Master Plans for Tourism Growth

Jammu and Kashmir is, by any measure, one of the most naturally endowed regions on earth. From the snow-capped peaks of Gurez to the shimmering twin Ramsar lakes of Mansar and Surinsar, and from the sacred shrines drawing millions of pilgrims annually to the unexplored wilds of Kishtwar and Rajouri, the Union Territory holds within its boundaries a tourism treasure that most destinations can only dream of. Yet, year after year, this extraordinary potential is held hostage by a single, fundamental failing: the absence of Master Plans for its Tourism Development Authorities. It is a structural paralysis that is costing Jammu and Kashmir its economic future.
A Master Plan is not paperwork. It is the architectural blueprint upon which every credible act of development rests. It determines land use, delineates eco-sensitive boundaries, assesses carrying capacity, plans infrastructure corridors, regulates private construction, and provides the regulatory certainty that investors, developers and Central Government agencies require before committing resources. Without it, a tourism destination is, in planning terms, just a blank space – however beautiful it may be in nature.
The consequences in J&K are entirely predictable and have been playing out for years. Central Government schemes – several carrying substantial funding allocations specifically designed to develop tourism infrastructure – remain inaccessible because Master Plans are the baseline eligibility condition. Projects are announced with fanfare, and then quietly surrendered at the year’s end because the foundational document needed to deploy them simply does not exist. Tourism Development Authorities across the region have been trapped in precisely this absurd cycle: budgets lapse, central schemes pass them by, and the destinations they oversee limp along with ageing infrastructure and no long-term vision.
The Patnitop case alone is a classic case. A major Himalayan destination subject to Supreme Court environmental directives, its Master Plan – the 2000 version – has been gathering dust for over a decade, its approval perpetually deferred. In its absence, not a single structured development project can be sanctioned in areas outside the eco-sensitive core. Patnitop remains stagnant, unable to evolve, absorb investment, or provide the quality experience that today’s discerning visitor expects. It is negligence disguised as inaction.
What makes the situation even more difficult to defend is the revelation that months of valuable time were consumed debating not the plans themselves, but simply who should prepare them. Whether the Town Planning Organisation or the Tourism Department should lead the exercise absorbed bureaucratic energy for the better part of a year, while tourist footfall grew, infrastructure deteriorated, and the planning vacuum deepened. Such deliberations, whatever their procedural merit, represent a profound misreading of priorities.

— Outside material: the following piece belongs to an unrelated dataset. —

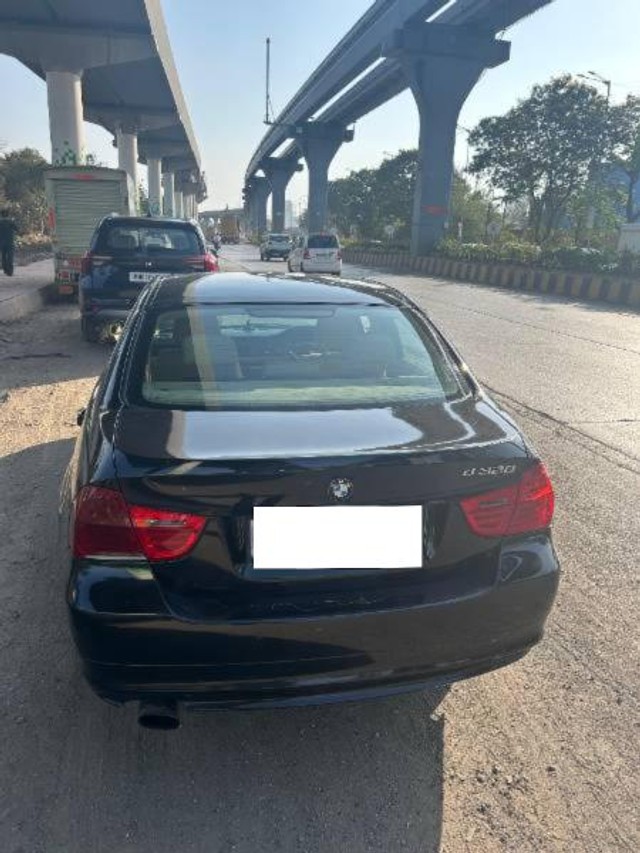 Second-hand 2011 BMW 3 Series 320d Corporate Edition for sale in Mumbai-1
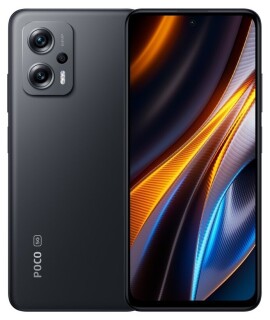 

Телефон POCO X4 GT 8/256Gb черный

The Tourism Department now needs to operate on a war footing. A clear, time-bound action plan – with named officials accountable for specific deliverables and firm deadlines – must be drawn up. The year-after-year surrender of funds by Tourism Development Authorities is simply not acceptable as a continuing norm. It reflects institutional inertia and must be treated as such. Elected representatives – MLAs from constituencies that contain tourist sites – must actively intervene. They are answerable to constituents whose livelihoods depend on tourism growth. Pushing for the preparation and approval of Master Plans for destinations within their constituencies is not just their prerogative; it is their responsibility. Similarly, District Administrations should actively monitor progress; issues can be raised in DISHA meetings to ensure that local-level delays are brought to closer attention swiftly.
Chief Minister, who holds the Tourism and Finance portfolios simultaneously, is uniquely positioned to drive this forward. Earmarked funding must be created – through supplementary grants if necessary – so that the Planning Organisation or contracted consultants can begin work without further delay. Enough time has elapsed for maximum places – more than a decade. Alternative tourism destinations in Doda, Poonch, Mansar, Surinsar, Sanasar, Bani and beyond are spoken of repeatedly as the answer to overcrowding in Gulmarg and Pahalgam. These ambitions are entirely hollow without Master Plans. Every speech about sustainable tourism, every promise of a new tourism frontier, every vision of J&K as a world-class destination rings false so long as this foundational deficit persists. The mountains are patient, but the socio-economic effects are too glaring. Those who reside there cannot afford to get things further delayed.